2. The antenna of claim 1, further comprising at least one parasitic element arranged parallel to the plane of the active element and spaced along an array axis transverse to the active and parasitic element.

3. The antenna of claim 1, wherein the total-length-to-width ratio of the active element is below about thirty to one.

4. The antenna of claim 2, wherein one of the at least one parasitic elements is a reflector, the reflector being either a resonant loop element or a reflecting plane.

5. The antenna of claim 3, further comprising at least one parasitic element arranged parallel to the plane of the active element and spaced along an array axis transverse to the active and parasitic elements.
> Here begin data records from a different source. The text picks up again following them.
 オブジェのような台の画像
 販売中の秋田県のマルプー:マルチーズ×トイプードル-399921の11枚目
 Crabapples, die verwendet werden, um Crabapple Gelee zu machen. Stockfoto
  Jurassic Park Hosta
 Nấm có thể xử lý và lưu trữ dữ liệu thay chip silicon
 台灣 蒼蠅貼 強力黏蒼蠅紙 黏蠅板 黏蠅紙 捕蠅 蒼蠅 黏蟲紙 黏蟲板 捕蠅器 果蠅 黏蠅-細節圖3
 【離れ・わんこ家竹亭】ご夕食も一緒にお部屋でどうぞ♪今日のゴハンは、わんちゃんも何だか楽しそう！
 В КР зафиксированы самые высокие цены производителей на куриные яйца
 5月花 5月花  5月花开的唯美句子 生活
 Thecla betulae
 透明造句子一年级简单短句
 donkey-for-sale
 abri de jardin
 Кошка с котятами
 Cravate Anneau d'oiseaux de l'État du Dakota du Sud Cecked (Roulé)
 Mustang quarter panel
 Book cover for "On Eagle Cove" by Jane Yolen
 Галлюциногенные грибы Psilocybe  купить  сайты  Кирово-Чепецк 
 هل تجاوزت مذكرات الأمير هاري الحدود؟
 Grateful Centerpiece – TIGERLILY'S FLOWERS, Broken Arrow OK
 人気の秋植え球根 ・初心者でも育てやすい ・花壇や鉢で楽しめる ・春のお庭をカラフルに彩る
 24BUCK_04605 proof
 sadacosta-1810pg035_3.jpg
6. An antenna, comprising:

a thin resonant planar loop active element, having means for connecting the element to a transmitter or receiver, the element having a plurality of sides with length and width dimensions defining a total-length-to-width ratio below about fifty to one;

at least one parasitic element arranged parallel to the plane of the active element and spaced along an array axis transverse to the active and parasitic element.

7. The antenna of claim 6, wherein one of the at least one parasitic elements is a reflector, the reflector being either a resonant loop element or a reflecting plane.